Não só, porque eles não tinham a ideia desta inatividade por parte do presidente do PPM e, como não tínhamos o tempo de antena que os partidos da Assembleia da Republica têm, o presidente do PSD e do CDS têm um conhecimento do PPM não ao nível político, mas mais ao nível pessoal, do facto de ser uma pessoa simpática, muito afável. Como muitos dizem, é uma excelente pessoa para ir beber uns copos, mas não conhecem verdadeiramente o trabalho político dele e não conhecem a sua faceta de orador, que também não a tem. O que o PSD e o CDS conhecem do partido é aquilo que faz mais ao nível político nos Açores e também aquilo que fiz, modesta à parte, até 2021 na Assembleia Municipal de Lisboa, em que até o próprio vice-presidente da Câmara Municipal de Lisboa dizia que o PPM era a maior oposição na Assembleia. É esse tipo de trabalho político que o PSD e o CDS conheciam. Não conheciam a natureza de declarações que o presidente do PPM faz nos programas da manhã.

Também recusou integrar coligação pré-eleitoral com PSD e CDS e considerou Luís Montenegro e Nuno Melo como líderes fracos.

Digo com toda a sinceridade que hoje a maioria dos militantes do PPM não consideram Luís Montenegro ou Nuno Melo como líderes fracos, mas sim o seu próprio líder.

Como vê a ideia de entendimentos com o Chega que, segundo Luís Montenegro, era uma linha vermelha?

Em 2019 fiz uma declaração pública antes de um conselho nacional a dizer que recusava qualquer coligação com André Ventura. Muitos dos militantes ficaram horrorizados com esta postura e ainda o partido não estava formalizado.

Mas está afastado das europeias…

Não está afastado, está nas listas de suplentes, mas também aí houve uma escolha nominal.

O futuro do partido passa por uma mudança de liderança?

Completamente, se Gonçalo da Câmara Pereira deixasse de ser presidente do partido teríamos toda a possibilidade de crescimento.

Com este pedido de Congresso extraordinário poderão aparecer listas alternativas para a liderança?
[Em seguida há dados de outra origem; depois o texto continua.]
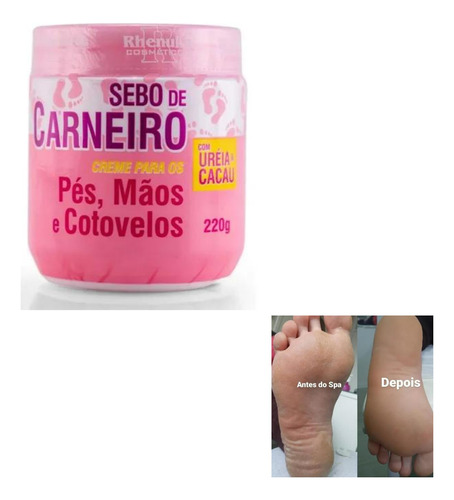 Pomada Massageadora Extra Forte 200g - Alivia Dor Muscular S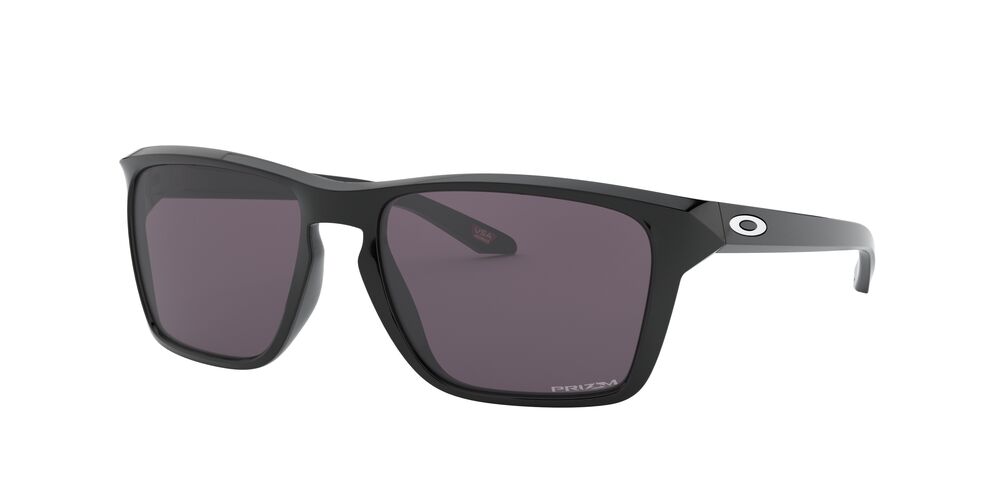 Oakley | OO9448 Sylas | Polished Black Prizm Grey Lens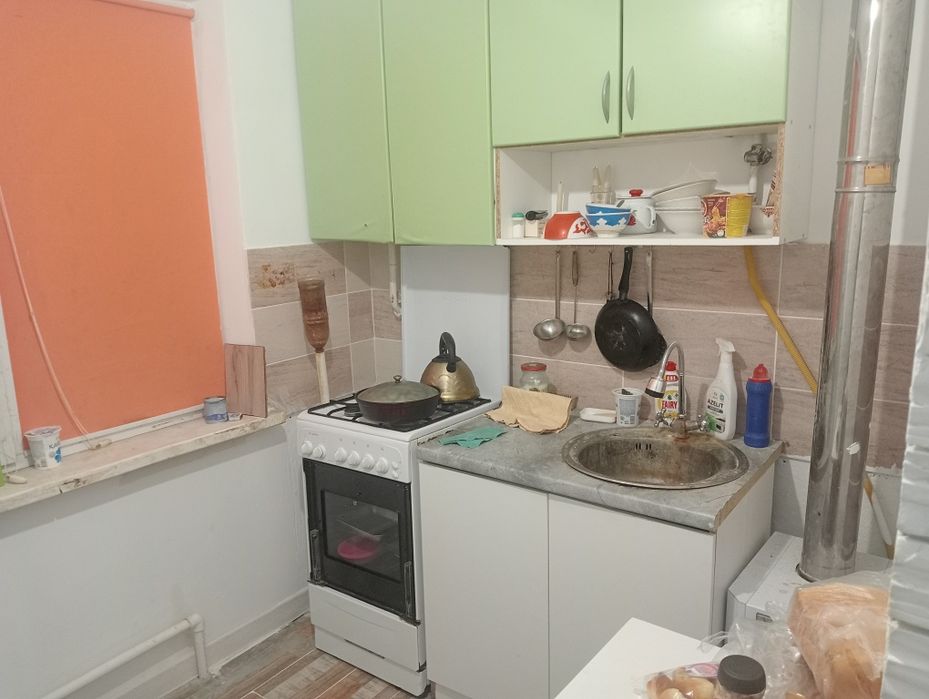1 комнатная квартира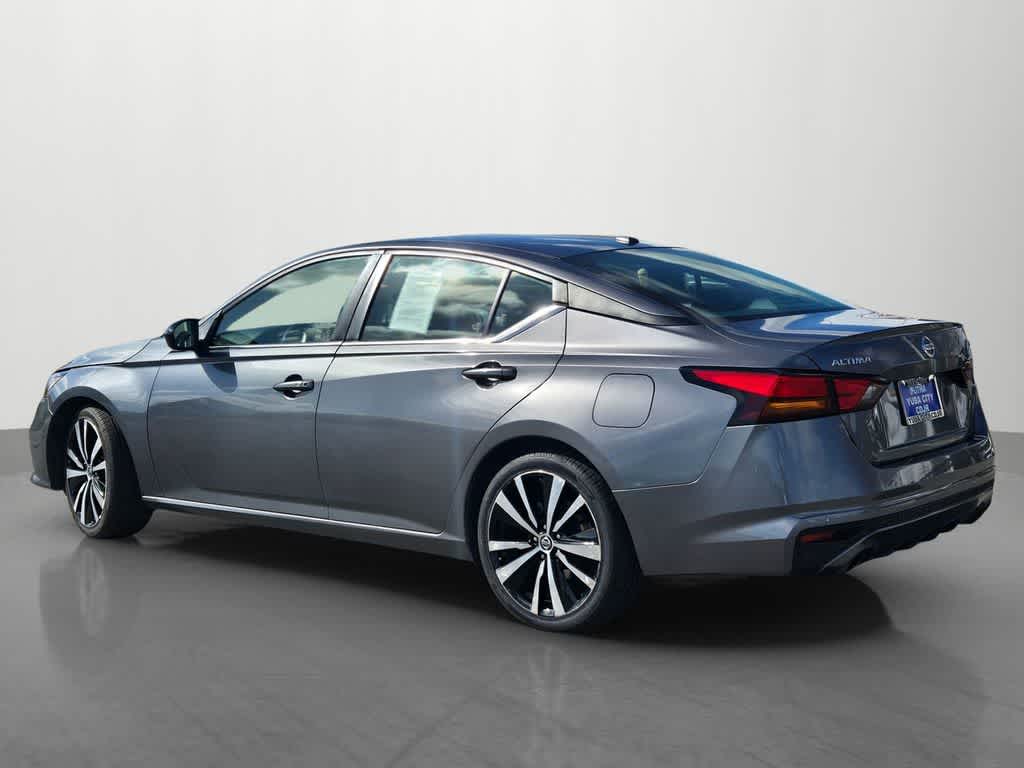 Thumbnail: 2022 Nissan Altima - 4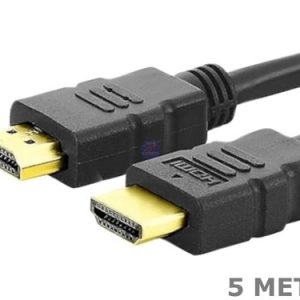 CLICK 5 METER HDMI CABLE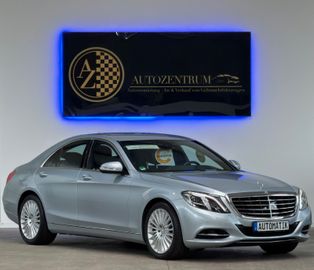 Mercedes S 400 - 3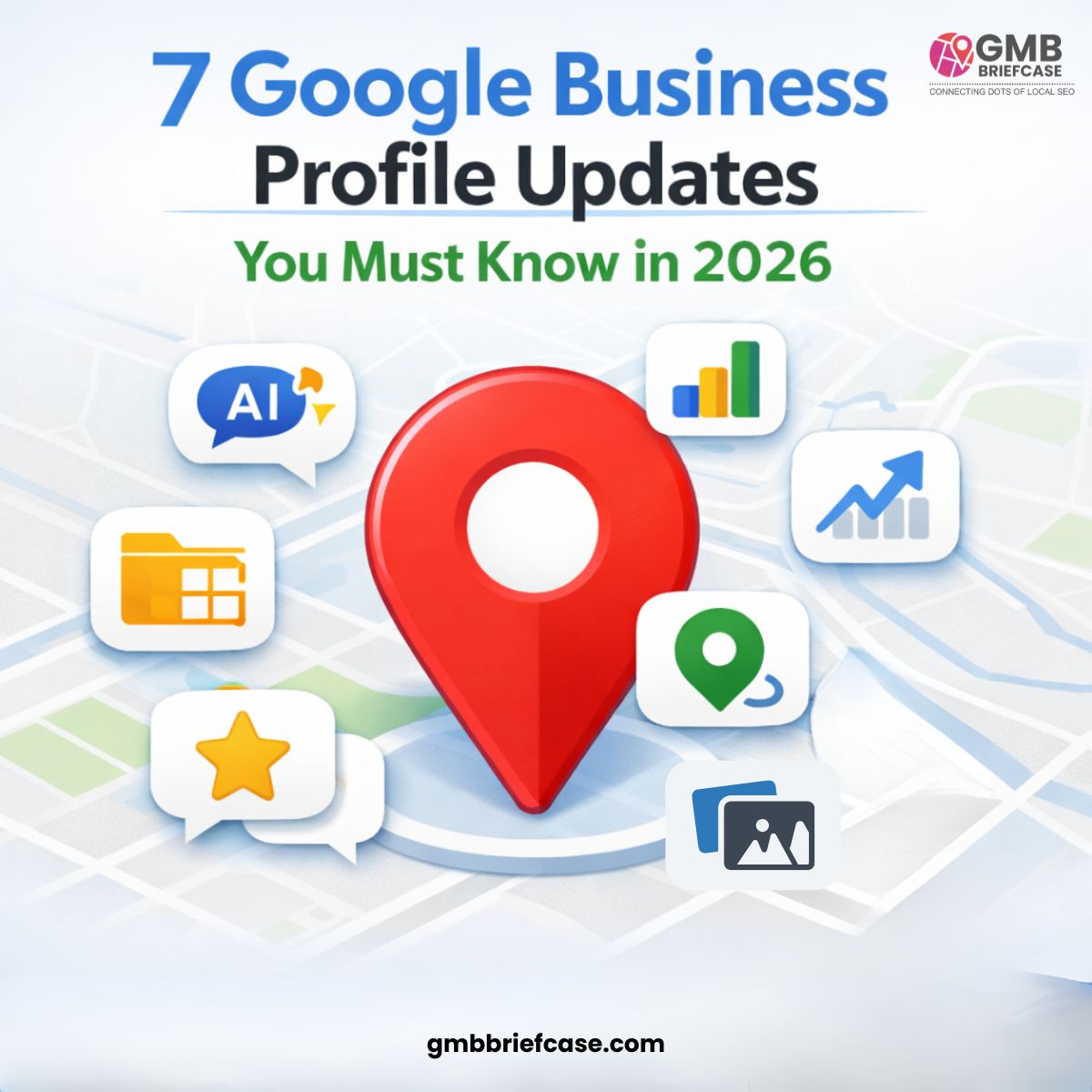GMB Briefcase - GMB Management Tool tweet media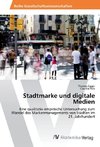 Stadtmarke und digitale Medien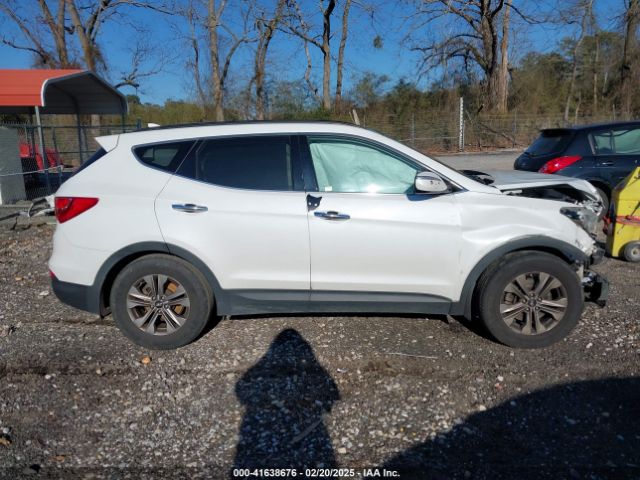 5XYZU3LB8FG287679 Hyundai Santa Fe Sport 2.4l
Com certeza, temos várias pessoas no partido para assumirem essa alternativa. Estou a dar cara por este movimento, mas não o estou a fazer para ser presidente do partido. Estou a fazê-lo porque estou um bocadinho saturada por o nome do partido ser alvo de chacota ao nível nacional, quando sei que há pessoas extremamente válidas que trabalham imenso para o partido e que o podem levar o mais longe. O que para mim não é saudável é o partido ter sempre uma lista única em todos os Congressos. Isto não tem nada a ver com consensos, porque não há consensos. Há várias vozes que não gostam da liderança atual. Não há nada mais democrático do que irmos para um Congresso e fazer a democracia funcionar, em que várias vozes podem dizer o que pensam e depois ir a votos.

Está disponível para para liderar uma dessas listas?

Não pensei nisso ainda. A minha profissão é ser professora universitária, não é ser política. Gosto do trabalho político, mas acho que a liderança de um partido retira tempo na vida de uma pessoa para outras atividades e noutros campos. Neste momento, não estou a pensar nisso, mas posso apoiar outras pessoas que acho válidas, desde que apresentem politicas concretas, atualizadas e que olhem para a frente.

Não havendo alternativa, o PPM corre o risco de desaparecer?

Digo isso muitas vezes, o maior mistério da política portuguesa é o Partido Popular Monárquico ainda existir e vai conseguir chegar aos 50 anos de existência. Não sei é se vai existir de forma prática e que seja útil como já foi. Neste momento, a não ser nos Açores, não está a ser muito útil.